Einar and Muriel had two children: Gregory, born in 1947, and Thomas, born in 1950. Muriel died in 1952. According to the Whatcom Assessor report for the West Parcel of the Point, Einar sold the property at Lake Samish in 1951.


Platting of Shallow Shores Road

The next clues about the Point's history come from a 1934 map of Crescent Township (the original name for the Whatcom County voting precinct surrounding Lake Samish; see page 21 of the Harris Journal for a brief explanation of the origins of the name).

A closeup of the map shows an E. Erickson as the owner of the West Parcel, and that the East Parcel is now platted along a road named Shallow Shores.

Source: Historic MapWorks

We don't yet know when or by whom Shallow Shores Road was platted, but it was sometime between 1916 and 1929. In an oral history about the Lake Samish community of 1929, a local resident named Davis said: "No one lived between Zugelders + Shallow Shores Road,  On Shallow Shores Road -- going north again from Nulle Road, the first house was Bill Sarland’s. He had the place where Morris is now.

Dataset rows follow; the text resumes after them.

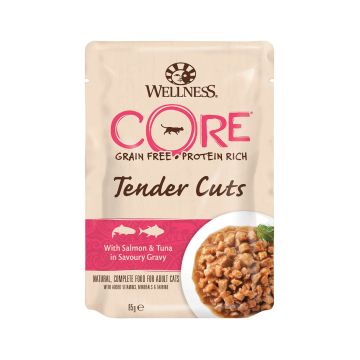 Wellness CORE Tender Cuts With Salmon & Tuna in Savoury Gravy for Cat, 85g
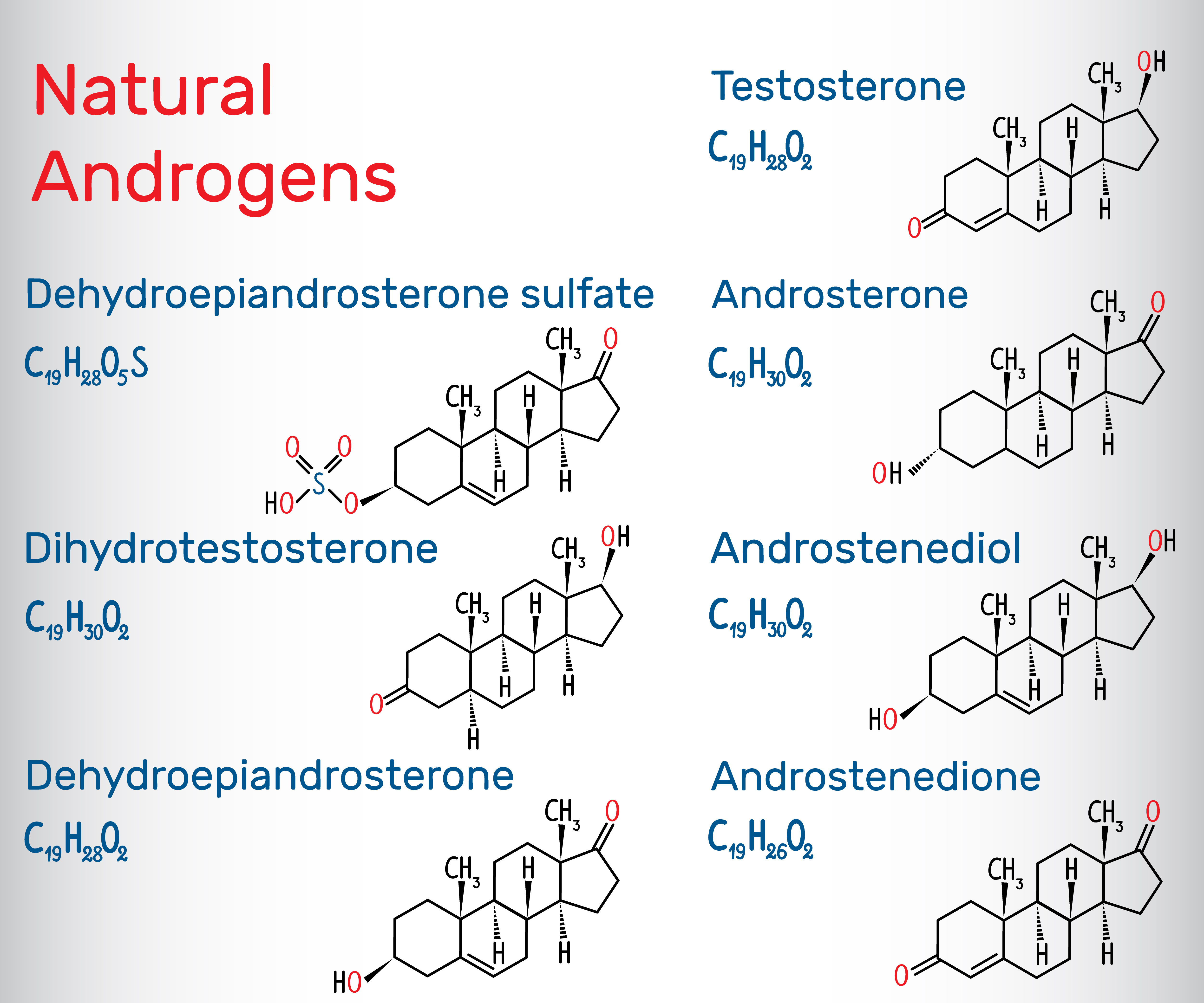What are other androgens than testosterone?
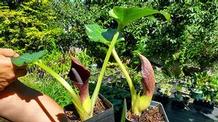 Arum pictum Arum pictum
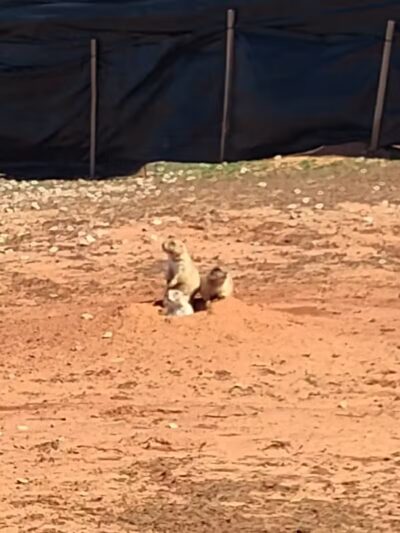 Prairie Dog Field - Yukon, OK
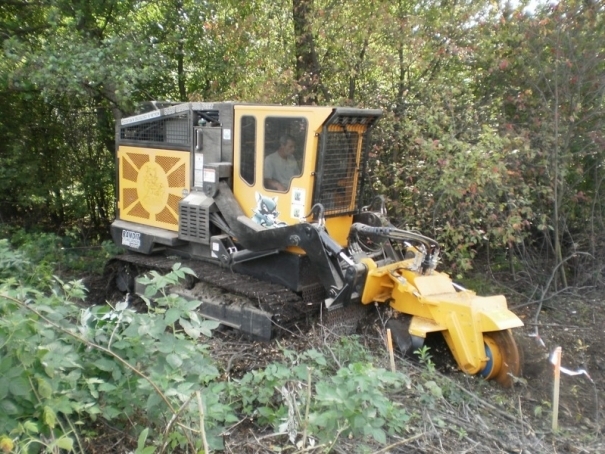 Lesní fréza Bandit Model 3500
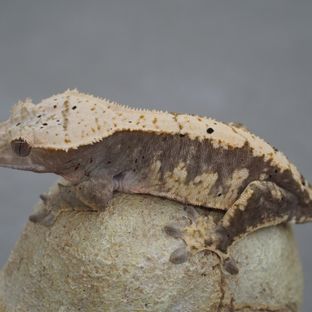 100%헷아잔틱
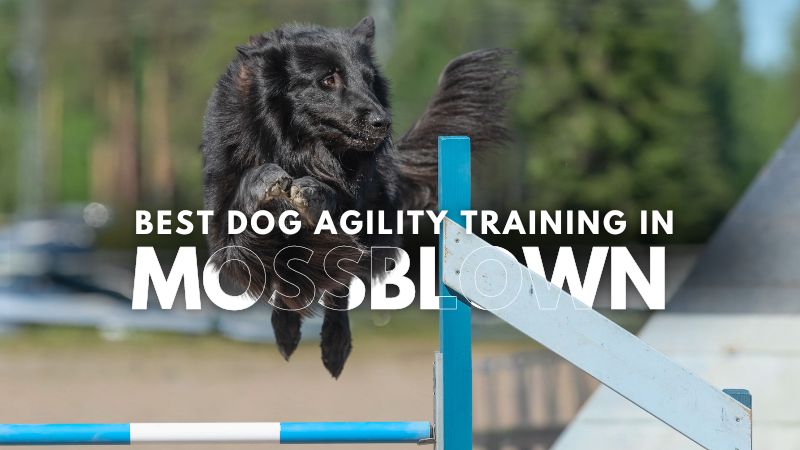 Best Dog Agility Training in Mossblown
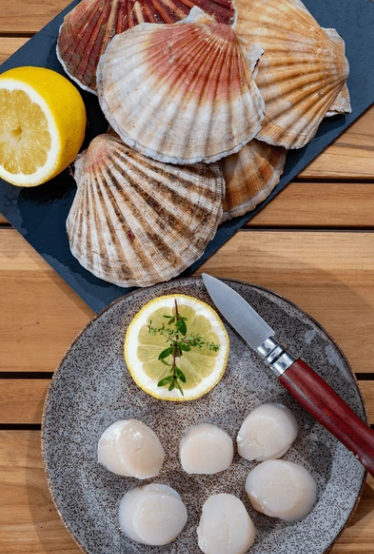 Scallops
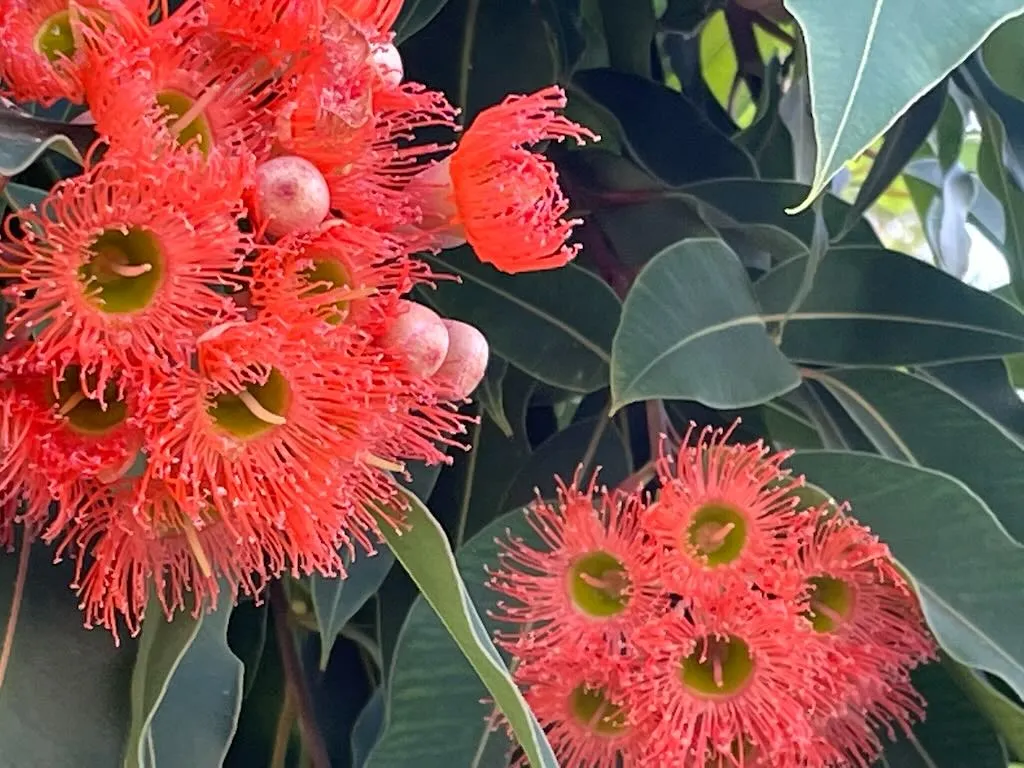 Eucalyptus sideroxylon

The present house was not there then. It was built about 1934 or 35, I think, could have been built in 36. I’m not real sure when any other permanent residents moved on to Shallow Shores, but I know that in 31 the McCullough’s were there + Roy Powells, also Al Forslof + another couple I don’t know."

We should be able to obtain road and original platting records that indicate when and by whom Shallow Shores Road was created.